It is not clear what led to the altered NaCl reabsorption by the SMG of Slc4a11 null mice in this study (Figs. 3C and 4C). It is well established that the epithelial Na+ channel (ENaC) and the cystic fibrosis transmembrane conductance regulator (CFTR) play key roles in mouse SMG ductal NaCl reabsorption (Catalán et al. 2010). In addition, Na+/H+ exchangers regulate NaCl reabsorption in the mouse SMG (Park et al. 2001). However, our qPCR results revealed that the expression of ENaC superfamily members, Na+/H+ exchangers, water channels and the Cftr anion channel was not impaired in the Slc4a11 null mice, suggesting that Slc4a11 disruption probably affected NaCl reabsorption through another mechanism. Salt reabsorption mainly occurs in the duct cells of the SMG (Proctor 2016; Melvin et al. 2005; Catalán et al. 2009). Morphological analysis found that fewer duct cells were observed in the SMG of Slc4a11 null mice, which is consistent with the high NaCl concentration (less NaCl reabsorption) in the stimulated saliva. Of note, the change in NaCl concentration was greater in female than in male Slc4a11 null mice. Consistent with this latter observation, there was a greater than fourfold impact on both the loss of duct cells and decreased NaCl reabsorption in the female SMG. Given the variety of sex‐specific differences in fluid secretion content and morphology of salivary glands (Gao et al. 2018; Mukaibo et al. 2018; 2019) these results are not too surprising although the mechanism remains unclear. Ascl3 (also known as Sgn1) is specifically expressed in the duct cells of all three major salivary glands (Yoshida et al. 2001) and is involved in the development and maintenance of functional salivary glands (Arany et al. 2011), whereas Laminin‐1, encoded by Lamc, has been shown to contribute to development of an acinar‐like phenotype in a human submandibular gland cell line (Hoffman et al. 1996). Consistent with our morphological results, Ascl3 expression was reduced, whereas Lamc1 expression was increased in the SMG of Slc4a11 −/− mice, suggesting that the greater Slc4a11 disruption‐induced changes in female SMG morphology may ultimately lead to impaired NaCl reabsorption. The changes in Ascl and Lamc1 gene expression might reflect a shift in duct cell versus acinar cell numbers. Alternatively, the changes in their expression could be responsible for the remodeling.

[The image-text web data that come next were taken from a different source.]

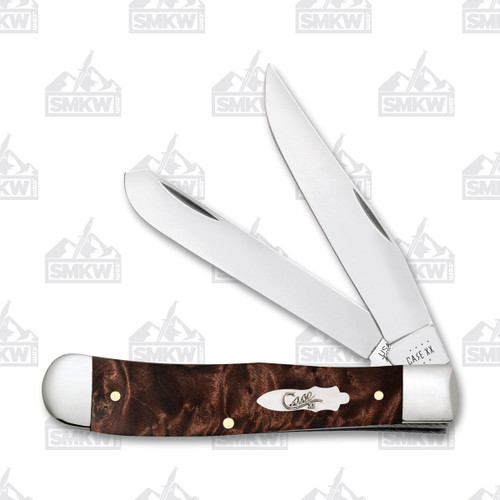 Case Brown Maple Burl Wood Trapper Folding Knife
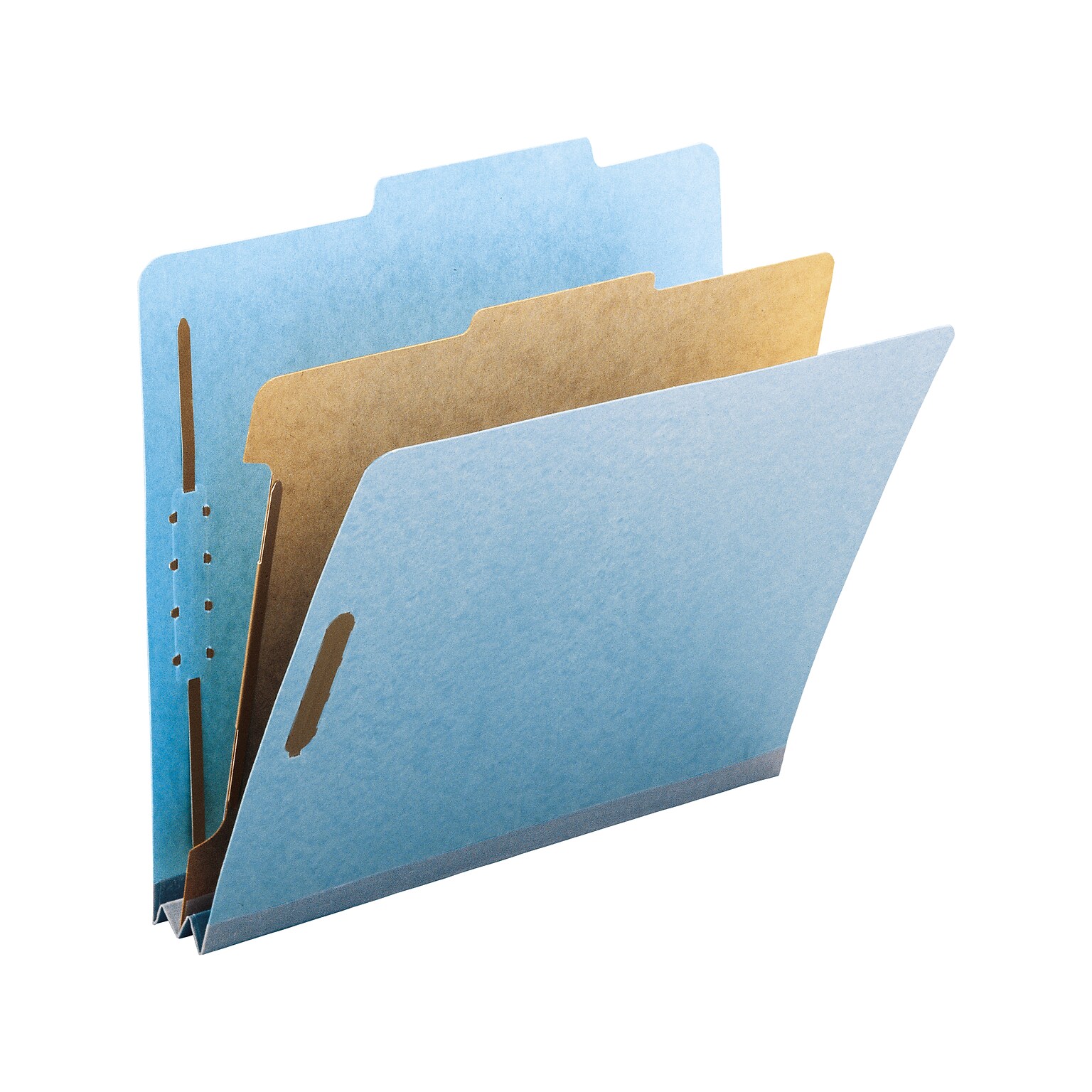 Smead 100% Recycled Pressboard Classification Folder, 1 Divider, 2 Expansion, Letter, Blue, 10/Box (13721)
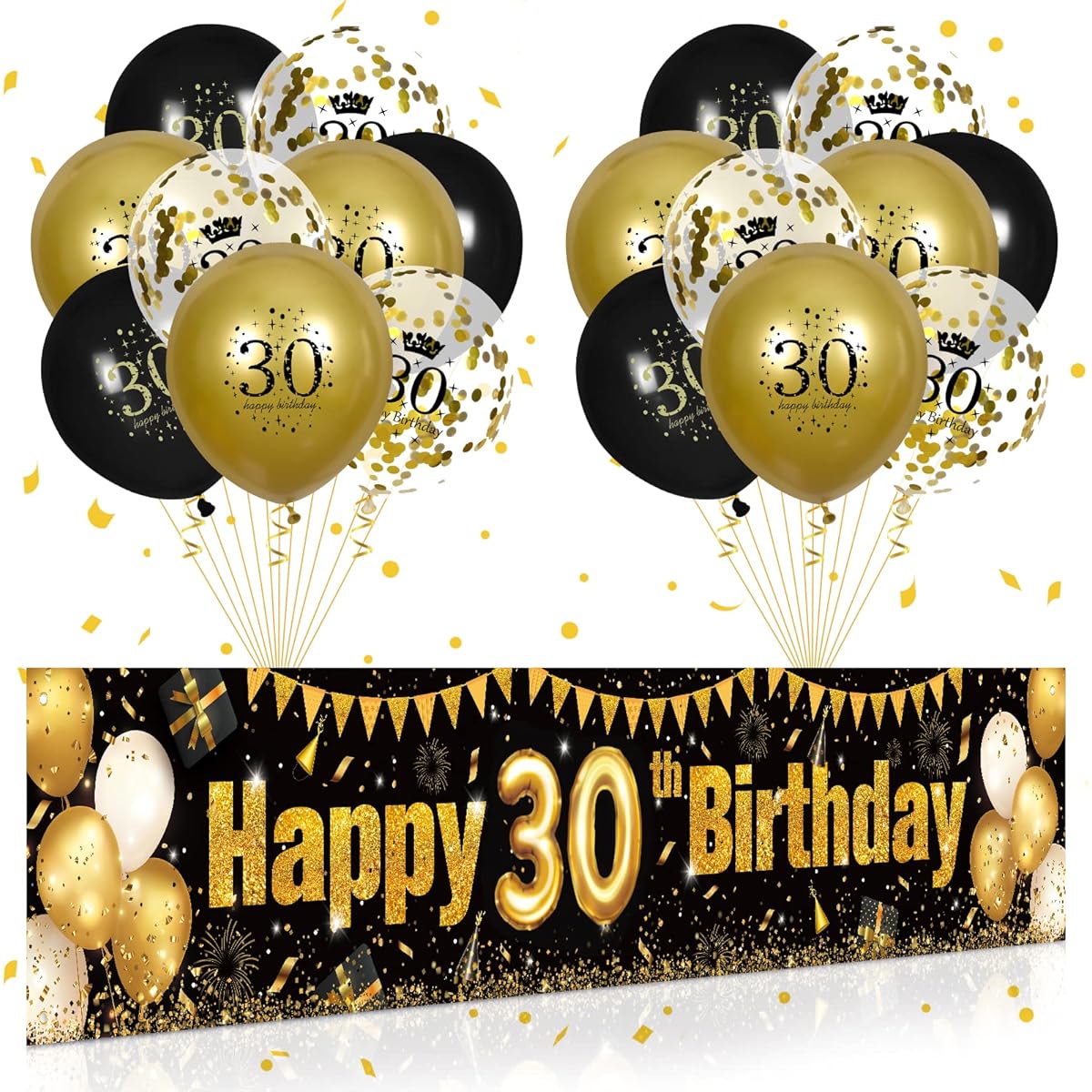30th Birthday Decorations for Men and Women Black and Gold Black Gold Birthday Yard Banner Sign 18pcs 30th Happy Birthday Balloons 30th Anniversary Birthday Party Supplies Outdoor Yard Decor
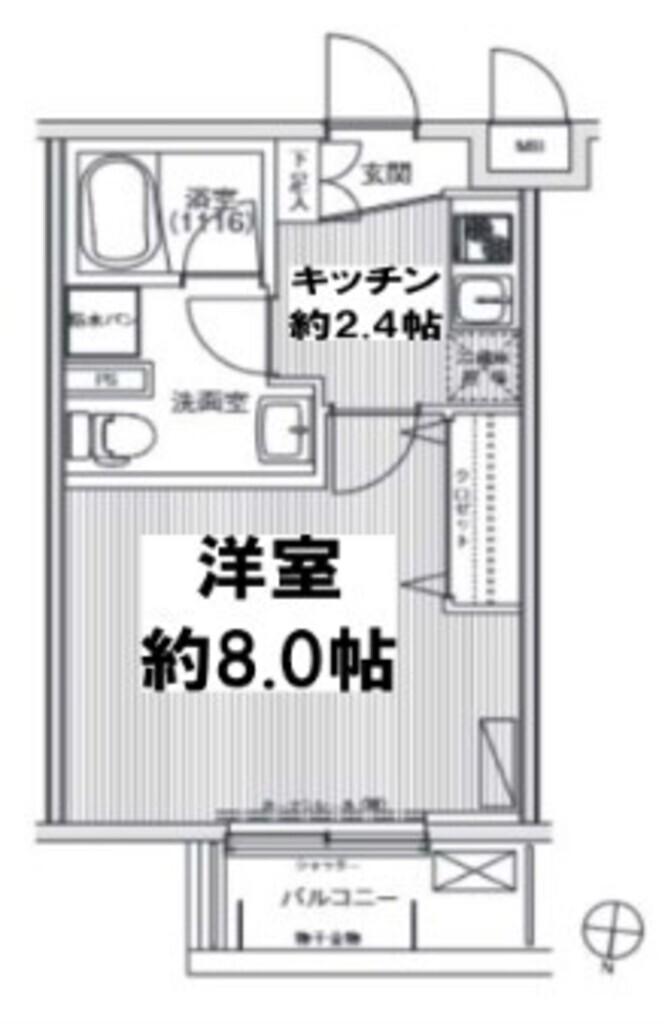 ブレス新中野(1K/3階)の間取り写真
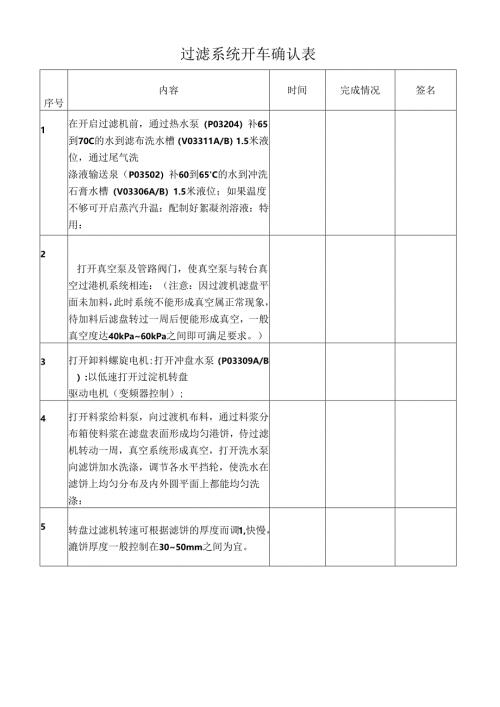 过滤系统开车确认表.docx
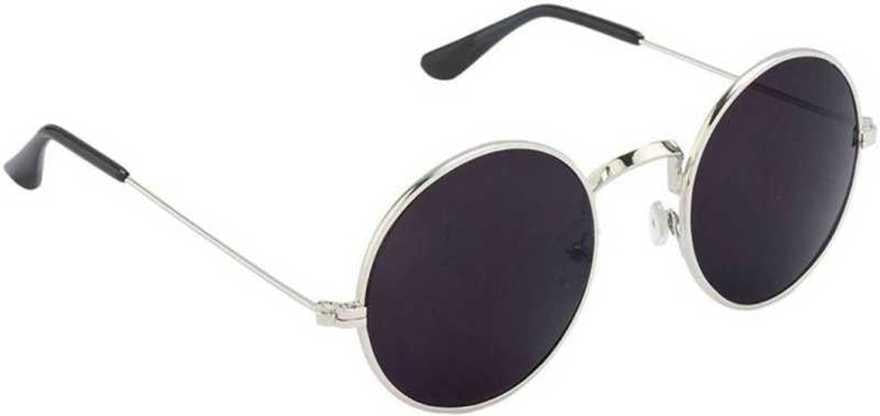 Unisex Black Round Sunglass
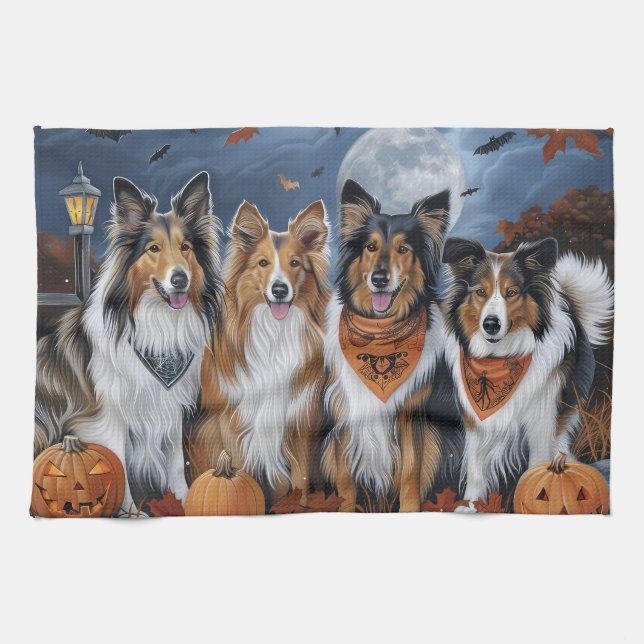 Linge De Cuisine Rough Collie Halloween Épouvantable (Horizontal)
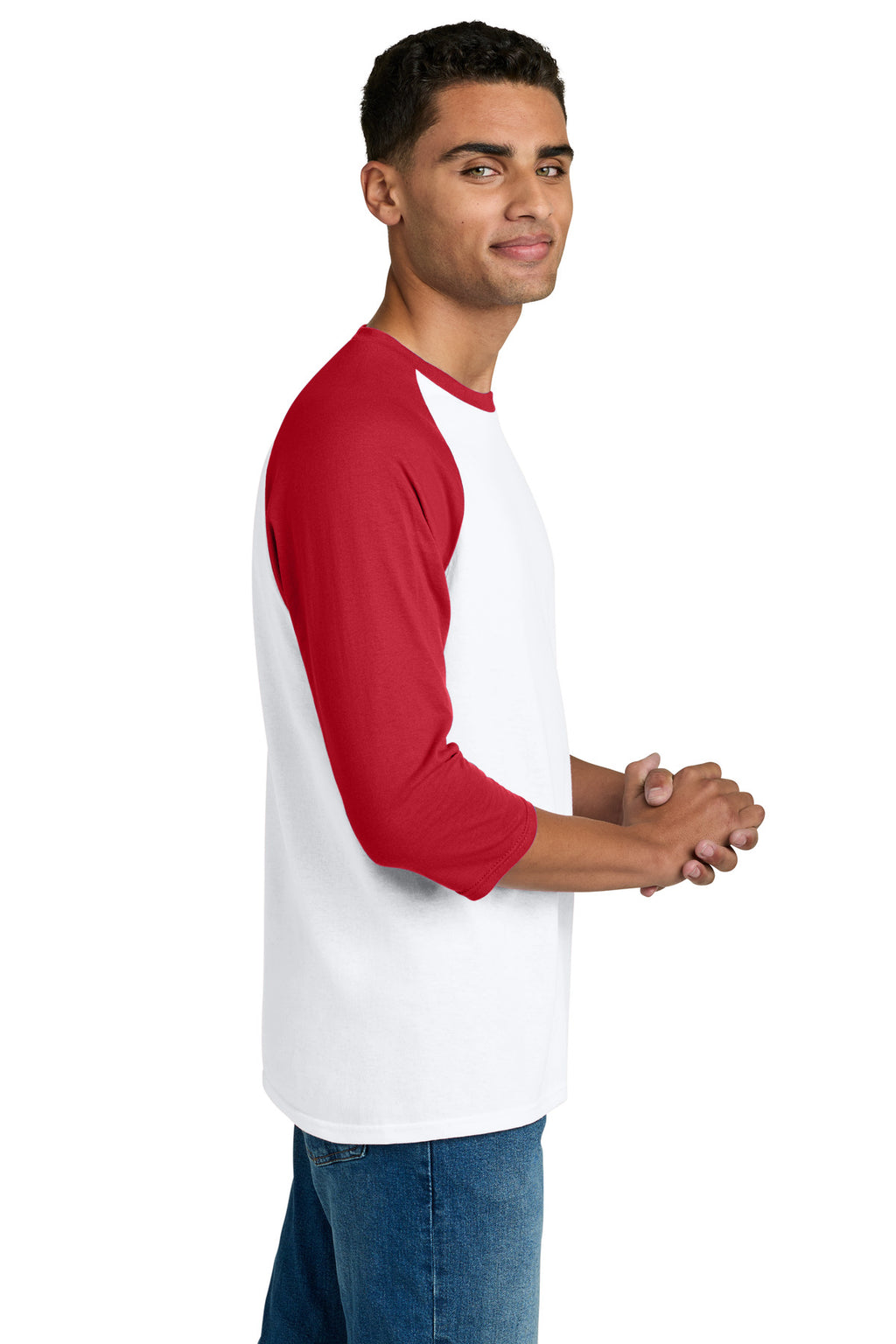 Gildan Heavy Cotton 3/4-Sleeve Raglan T-Shirt. 5700 - White/ Red - side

In summary, mouse Slc4a11 mediates H+/OH transport in a Na+‐ and Cl‐independent, EIPA‐sensitive and DIDS‐resistant manner. Despite the abundant expression of Slc4a11 in the mouse SMG, Slc4a11 does not seem to contribute significantly to the intracellular pH regulation of SMG acinar or duct cells, but we cannot rule the possibility that it may regulate pH under different physiological or pathophysiological conditions. On the other hand, Slc4a11 is involved in the regulation of the ductal and acinar morphology of the SMG; therefore, the reduced ductal cell area in especially female Slc4a11 null mice is likely associated with the impaired NaCl reabsorption. Saliva gland acinar cells secrete an isotonic plasma‐like, NaCl‐rich saliva, which subsequently becomes hypotonic as it flows through the salivary gland duct cells (Proctor 2016; Melvin et al. 2005; Catalán et al. 2009), although the clinical implications of an increase in the NaCl concentration of saliva have not been thoroughly investigated. However, the hypotonicity of saliva (low NaCl) is known to be important for taste (Proctor 2016).

Conflict of Interest

No conflicts of interest, financial or otherwise, are declared by the authors.

Acknowledgments

J. E. Melvin is the guarantor of this work, had full access to all the data, and takes full responsibility for the integrity of data and the accuracy of data analysis. The authors thank Yasna Jaramillo and Jaideep Honavar for technical assistance.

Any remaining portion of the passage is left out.